Женщины, родившиеся в 1950 —1960-е годы, уже более адекватно оценивали свои перспективы на рынке труда и больше инвестировали в получение высшего образования. О том, насколько динамичны ожидания, свидетельствуют данные, приведенные в: Goldin et al., 2006. В 1968 г. лишь около 1/3 американских девушек-подростков ожидали, что будут работать в возрасте 35 лет, в 1980-е годы эта доля повысилась до 80%.

Дискриминация женщин

Современные исследователи рынка труда чаще всего обходят тему дискриминации, ссылаясь на сложности с разделением эффектов отбора и дискриминации. Голдин неоднократно затрагивала проблему дискриминации женщин в своих работах, как в эмпирических, так и в теоретических. Мы уже упоминали ее исследование о запретах на занятость замужних женщин в первой половине XX в., но наиболее известная работа Голдин на тему дискриминации написана совместно с С. Роуз о введении «слепых» прослушиваний в симфонических оркестрах (Goldin, Rouse, 2000). Традиционная практика найма на позиции в ведущих оркестрах предполагала, что музыкантов приглашал на конкурсные прослушивания лично руководитель оркестра. Большинство кандидатов составляли студенты очень небольшого числа выдающихся педагогов, как правило, белые мужчины. В 1970 — 1980-е годы в ответ на критику ведущие оркестры начали демократизировать процедуру найма, объявляя открытые конкурсы и расширяя составы конкурсных комитетов. В числе нововведений была и практика «слепых» прослушиваний, при которой конкурсанта отделял от жюри непрозрачный экран. Как видно из описания, изменения в конкурсных процедурах были гендерно-нейтральными, то есть не ставили задачу увеличить прием женщин. Они были призваны предоставить равные возможности разным группам меньшинств: по расовой и этнической принадлежности, выпускникам неселективных учебных заведений, музыкантам из менее известных оркестров.

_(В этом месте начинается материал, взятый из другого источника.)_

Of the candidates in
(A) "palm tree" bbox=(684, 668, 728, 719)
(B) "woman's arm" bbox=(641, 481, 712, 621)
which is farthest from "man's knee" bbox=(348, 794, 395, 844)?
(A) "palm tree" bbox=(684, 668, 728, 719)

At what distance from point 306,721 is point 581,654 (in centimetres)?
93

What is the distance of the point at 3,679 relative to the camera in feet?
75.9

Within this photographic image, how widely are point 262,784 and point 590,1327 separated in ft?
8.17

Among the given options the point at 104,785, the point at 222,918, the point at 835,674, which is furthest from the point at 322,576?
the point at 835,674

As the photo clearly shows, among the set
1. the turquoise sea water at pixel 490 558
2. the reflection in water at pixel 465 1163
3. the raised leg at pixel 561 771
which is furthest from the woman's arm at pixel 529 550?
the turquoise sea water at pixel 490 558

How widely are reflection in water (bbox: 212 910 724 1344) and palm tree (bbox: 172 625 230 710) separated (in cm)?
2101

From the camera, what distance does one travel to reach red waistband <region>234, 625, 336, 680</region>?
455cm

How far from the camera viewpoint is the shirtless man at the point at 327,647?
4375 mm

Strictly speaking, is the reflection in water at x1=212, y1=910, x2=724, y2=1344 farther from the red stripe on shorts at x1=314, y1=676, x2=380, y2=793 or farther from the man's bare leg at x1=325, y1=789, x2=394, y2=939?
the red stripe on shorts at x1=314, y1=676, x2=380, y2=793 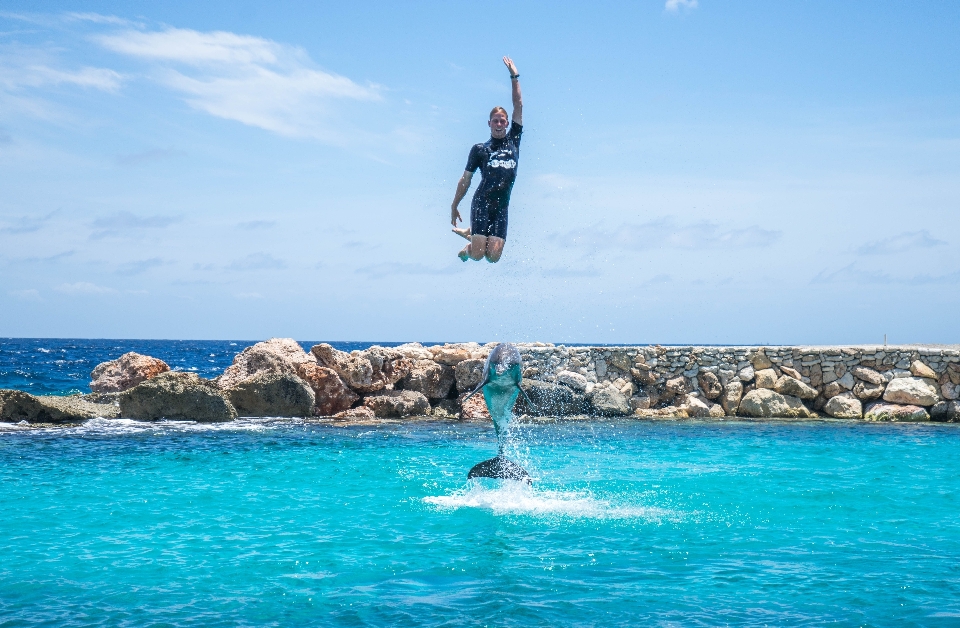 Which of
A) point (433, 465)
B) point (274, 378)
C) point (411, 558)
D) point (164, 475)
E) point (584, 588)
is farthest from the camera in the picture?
point (274, 378)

Голдин и Роуз удалось собрать данные о составах ведущих оркестров США и уникальные архивные данные о всех прослушиваниях, их условиях и участниках. К концу 1960-х годов ни в одном из пяти топовых оркестров доля женщин не превышала 10%, а среди вновь нанятых музыкантов она была не выше 20%. Практически все дирижеры рассматриваемых оркестров позволяли себе публичные уничижительные высказывания в адрес женщин. К концу 1990-х годов доля женщин среди вновь нанятых музыкантов выросла до 35 — 50%. Достигнутый прогресс можно объяснять двумя главными причинами: увеличением выпуска женщин-исполнительниц из учебных заведений, сокращением гендерной предвзятости при найме. Согласно полученным результатам, использование экранов на 50% увеличило вероятность того, что женщина пройдет в следующий тур испытаний на этапе предварительных прослушиваний. Вероятность успеха женщин вырастала в несколько раз при использовании экрана в финальном туре. В целом использование экранов объясняет 30% прироста доли женщин среди вновь нанятых музыкантов. Столь значимый эффект от введения «слепых» прослушиваний указывает на изначально высокий уровень дискриминации в отношении женщин в этой сфере и на эффективность использования гендерно-нейтральной политики для устранения гендерной предвзятости.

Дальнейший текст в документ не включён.